Cape Town - The South African Broadcasting Corporation's
(SABC) interim board is contesting a R1bn contract, the broadcaster
reported on Tuesday.
The deal, which came to light in the board's examination of the
corporation's financial records, was revealed in a presentation
to Parliament's communications portfolio committee in Cape
Town.
Details could not be made public as the matter was under
investigation.
The SABC said criminal charges could be brought against entities
identified in the Auditor-General's report on the SABC. A
preliminary report had been forwarded to the police.
"There were meetings with the authorities to frame the charges
and the prosecution of claims. A final list of charges has been
framed and I think there are two possible criminal charges,"

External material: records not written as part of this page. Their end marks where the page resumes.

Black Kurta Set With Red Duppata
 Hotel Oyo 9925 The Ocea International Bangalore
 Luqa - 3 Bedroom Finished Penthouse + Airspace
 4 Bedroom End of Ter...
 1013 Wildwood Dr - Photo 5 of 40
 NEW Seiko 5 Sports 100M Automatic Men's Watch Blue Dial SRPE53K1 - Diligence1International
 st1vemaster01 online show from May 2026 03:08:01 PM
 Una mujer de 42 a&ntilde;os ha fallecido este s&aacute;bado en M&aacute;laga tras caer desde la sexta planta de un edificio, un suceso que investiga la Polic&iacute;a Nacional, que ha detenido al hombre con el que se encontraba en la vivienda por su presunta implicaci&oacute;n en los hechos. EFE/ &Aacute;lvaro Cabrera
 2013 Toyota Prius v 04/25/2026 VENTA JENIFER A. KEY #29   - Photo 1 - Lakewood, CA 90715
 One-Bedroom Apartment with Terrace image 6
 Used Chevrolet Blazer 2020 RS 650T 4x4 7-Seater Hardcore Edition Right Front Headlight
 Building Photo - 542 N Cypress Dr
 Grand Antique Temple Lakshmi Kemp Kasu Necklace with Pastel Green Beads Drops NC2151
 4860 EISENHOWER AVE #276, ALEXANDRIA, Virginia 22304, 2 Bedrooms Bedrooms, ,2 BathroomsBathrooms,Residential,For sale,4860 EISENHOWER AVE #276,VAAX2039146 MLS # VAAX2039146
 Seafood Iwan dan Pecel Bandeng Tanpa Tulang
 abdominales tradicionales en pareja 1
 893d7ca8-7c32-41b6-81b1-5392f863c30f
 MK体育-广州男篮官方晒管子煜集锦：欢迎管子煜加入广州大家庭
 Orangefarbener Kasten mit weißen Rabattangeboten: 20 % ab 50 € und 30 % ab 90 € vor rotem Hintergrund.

said interim board chair Irene Charnley.
Turning a profit
The cash-strapped SABC will start turning a profit by 2012, MPs
heard on Tuesday.
"Losses will come down and the corporation [will] move to
profitability by March 2012," Charnley told the
committee.
The broadcaster planned to repay all its debts by the end of the
2014 financial year.
Over and above the R200m it was granted by the National Treasury
last week, the SABC has applied for a five-year government
guarantee of R1.4bn.
This would "allow the corporation to borrow money from
institutions", Charnley said.
On the R200m, she said the broadcaster would receive the funds
between November and March next year, and would use the money to
pay for commissioned local content programmes.
Costs rising steeply
Charnley told MPs the corporation's losses stood at R910m, but
that this figure was expected to start dropping, "even in this
financial year".
The figure would not rise, she assured the committee.
A "big problem" was costs, which had risen steeply, and
remained higher than the corporation's income.
The SABC had also run an overdraft of between R580m and R600m since
March, the start of the current financial year.
Cost-cutting measures and a turnaround strategy implemented by the
interim board in the past four-and-a-half months had saved the
corporation about R65m.
Charnley said the SABC was now "stable", and the interim
board was preparing to hand over to the recently-announced
permanent board in the middle of November.